I conclude that the historical part of a resurrection narrative is a) the conviction of the real presence of Jesus and b) the call to give witness of his aliveness. This experience is then used to assert another fact which is not historical, namely that God has raised the crucified Jesus from the dead to be part of the identity of God. Such a fact cannot be given a place and a time and is therefore presented as an eschatological fact belonging to the action of God in bringing creation to its ultimate perfection. The resurrection witnesses experienced this as a creative act of God; while I think of it also as a creative act of the believers, similar to the act of creating the God of Genesis chapter 1. In response to experience, human beings, including Christians, invent their Gods. The resurrection of Jesus is the creative invention of the God who is ultimately known as the Holy Trinity. That is not to question its truth.

Narratives of the ascension, such as provided by Matthew and Luke are unsuccessful attempts to turn eschatological fact into historical fact. They point to the truth but they do not embody it. Sitting at the right hand of the pantocrator, the all-powerful, is the position of an emperor’s son and heir, but this clause has not taken seriously God’s identity as the father of JESUS, which reveals him as all- related (all-loving) and all- persuasive.

This composite clause in the creed points to the success of Jesus’ mission and the explosion of creative thought and action by the first believers.,who however attribute it to the work of the creative spirit of God.

This is a mistranslation of the Latin, infernos, and the Greek katotatos, meaning the depths (of the earth). There is certainly no reference to a place of posthumous punishment. From the 3rd century interpreters invented the mighty drama of the Harrowing of Hell in which Jesus liberates the saints of the pre-Christian era from the power of Satan. That is a fine piece of theology, but it may have nothing to do with the Creed as such. Of course if one translates accurately one is left with the question, what was he doing in the depths of the earth?
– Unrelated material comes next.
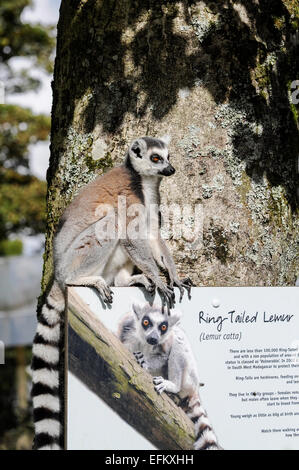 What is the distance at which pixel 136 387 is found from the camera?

It must mean something more than just being dead.

Can it refer to Hades, the classical place of the dead, described by Homer as “the after-images of used-up men”? The Hebrew word Sheol also refers to a realm of shades. This would envisage Jesus sharing the uselessness of the dead, their lack of agency.

1st Letter of Peter 3 mentions “Christ announcing the gospel to the spirits in prison.” Nobody knows for certain what this means, but it may have contributed to the development of notions of his ministry after death. In any case more general statements by Paul make it clear that no dimension of the cosmos, and therefore no person, is left untouched by the death and resurrection of Jesus.

Me? I like the notion of the “harrowing of hell” which is truly evangelical, meaning that even in hell the good news is announced by Jesus, and that souls can respond. This is probably not very orthodox, as hell is excluded from Hope, but I like to think that may be a mistake.